Notes for PPPL TRANSP Support Personnel

Index
Crashed Runs
Tshare Setup
Power Outages
PBS Problems
Expired Proxy
Recovering from other problems
Other Tools
Running mpi jobs with a debugger
Tracing mpi jobs
Manually updating ntcc libs and Transp Utilities
JCodeSys in pshare
NSTX SQL Logbook

Power Outages:

All data will automatically be retrieved from the compute nodes and jobs will be restarted.
If there were many jobs running, it can take quite a while to retrieve them - some can be 10GB large.
Do NOT maually interfere with the cron job, enq_all.

To handle scheduled outages see $CODESYSDIR/source/doc/power_outage.doc

Recovering from other problems:

1. Check logs:
    a) Run verify_jobs
    b) examine $LOGDIR/runlog/<TOK>/<runid>*
    c) cat $LOGDIR/<TOK>_<runid>.log
    d) cat $RESULTDIR/<tok>/<runid>.pbs{out,err}
    e) grep <runid> $LOGDIR/transptemp.log
    f) cat $LOGDIR/pbslog/<runid>*
    g) grep <runid> $LOGDIR/cronlog/*
    h) on isis:
       tracejob -n<Days> <pbs-id>

2. Run completed somehow but post-processing needs to be done:
   a) be sure to do: source ~pshare/globus/.userrc_csh 
   b)  tr_recover.pl  <runid> <tok> <year> all 
      tr_recover.pl with all will prompt you for plotcon, etc.
      and does Steps 3 and 4 below.

3. Run completed, but stopped before writing to mdsplus, or failed during
   mdsplot:
    a) <runid>mds.sh
       if crash directory is empty, run manually, e.g.:
       mdsplot T T transp_nstx s transpgrid.pppl.gov n 123450101 q 12345A01
       Get server, tree and mds-shot from:
       $QSHARE/<tok>/<runid>/<runid>_<tok>.REQUEST
       Be sure to check in the REQUEST file the user really wants MDSplus
       output.
    If run did not complete:
    b) source ~pshare/globus/.userrc_csh (or . ~pshare/globus/.userrc)
       finishup <runid>
    c) follow 4.

4. Run stopped after finishup:
     source ~pshare/globus/.userrc_csh (or . ~pshare/globus/.userrc)
     tr_recover.pl <runid> <tok> <year> 
       copies all Output files to $ARCDIR
       corrects status
       sends email to user

5. Job was lost or user did something accidentally and wants to restore it:
   1) copy /u/tr_/transp/backup/<TOK>/<runid>.zip file into save directory
   2) ask user to run  tr_cleanup <runid> <tok> <year> 
   3)  tr_cleanup <runid> 
   4)  tr_start <runid>   with all options
   5)  tr_send <runid>  
   6) after job was started kill it with
   7)  qdell <pbs.jobid> 
   8) move saved <runid>.zip file to
      $RESULTDIR/<TOK>/<runid>
   9)  unzip <runid>.zip 
  10) now this is a crashed run that is stuck on host
      follow procedure  2. PBS problems   but instead of 
      tr_restart <runid> move 
      run
      tr_restart <runid> link

Top

The triage program manages the bug tracking of a stopped run. The stopped run can be locked to prevent other developers from simultaneously debugging a run, a cause can be attached which is communicated to the user through the stopped job web page and an action assigned for controling when a stopped job is cleaned up. more info.

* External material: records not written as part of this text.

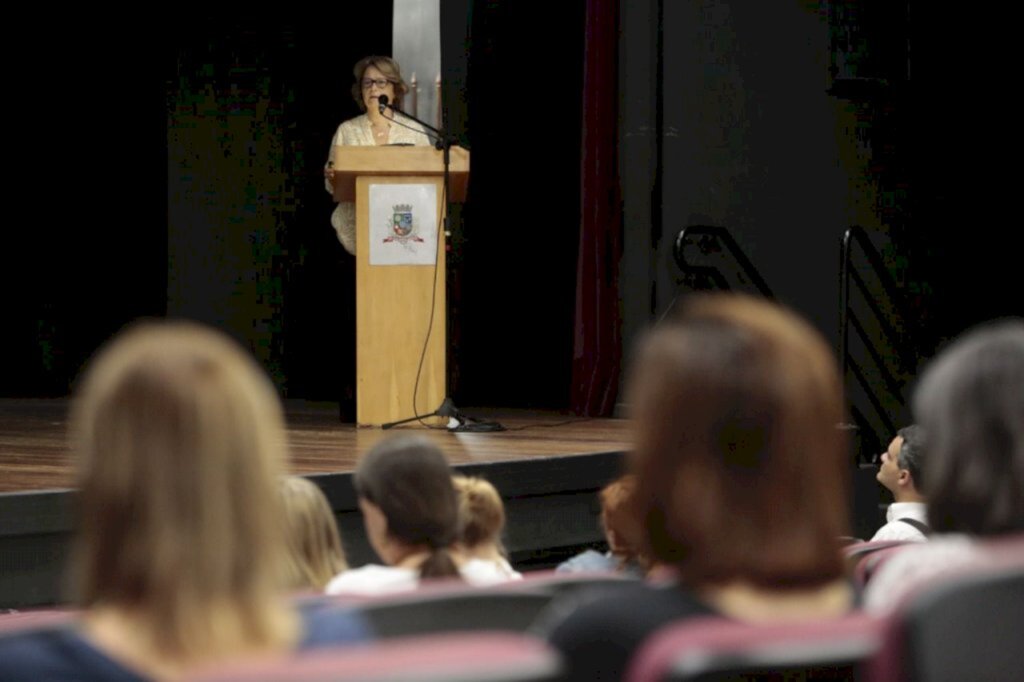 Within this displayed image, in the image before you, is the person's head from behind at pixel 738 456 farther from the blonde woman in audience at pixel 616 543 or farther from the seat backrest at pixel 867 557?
the blonde woman in audience at pixel 616 543

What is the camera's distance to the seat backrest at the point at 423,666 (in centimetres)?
98

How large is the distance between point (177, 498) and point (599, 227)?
5.91m

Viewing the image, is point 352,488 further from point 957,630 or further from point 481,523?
point 957,630

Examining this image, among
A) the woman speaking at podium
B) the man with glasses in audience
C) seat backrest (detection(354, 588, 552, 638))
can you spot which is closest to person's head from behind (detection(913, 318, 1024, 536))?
seat backrest (detection(354, 588, 552, 638))

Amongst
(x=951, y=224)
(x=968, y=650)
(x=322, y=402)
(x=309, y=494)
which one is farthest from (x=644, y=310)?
(x=968, y=650)

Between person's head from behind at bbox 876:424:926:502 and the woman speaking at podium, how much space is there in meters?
2.37

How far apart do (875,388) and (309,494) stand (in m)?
5.16

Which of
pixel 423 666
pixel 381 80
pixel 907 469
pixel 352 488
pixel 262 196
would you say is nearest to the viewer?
pixel 423 666

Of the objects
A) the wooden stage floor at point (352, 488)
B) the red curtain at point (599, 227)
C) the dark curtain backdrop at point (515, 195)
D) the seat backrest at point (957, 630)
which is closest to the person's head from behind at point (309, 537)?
the seat backrest at point (957, 630)

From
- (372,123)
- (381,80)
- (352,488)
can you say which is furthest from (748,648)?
(372,123)

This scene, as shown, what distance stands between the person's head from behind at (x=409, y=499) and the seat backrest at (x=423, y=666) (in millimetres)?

To check status of triage:
plook
plook -h

Common Errors

a list of TRANSP fatal errors

tr_change_year

If a run is archived in the wrong year directory, it must be re-written into mdsplus. It is not sufficient to move the files in $TRINF & $ARCDIR.
As pshare, run
tr_change_year <runid> <tok> <year> <new-year>

tr_save

If you made a "private run" with your own TRANSP version, and want to permanently archive it, use tr_save

Pre-requisite:
1. TR.DAT, TR.INF and *.CDF files must be on a cluster directory, that can be accessed by pshare;
  you must provide a TR.INF file
2. Ufiles, as pointed to by TR.DAT must be accessible by pshare
Now do:
1. login as pshare
2. cd < location of your run >
3. tr_save <runid> <tok> <yr>

If you restarted an aborted run of another user, with your private TRANSP code, as "yourself", and want to archive it, see Archiving Notes

mds_get_inf

to retrieve Namelist, Contents (TF.PLN), or other text nodes from MDSplus, or to get names of Ufiles.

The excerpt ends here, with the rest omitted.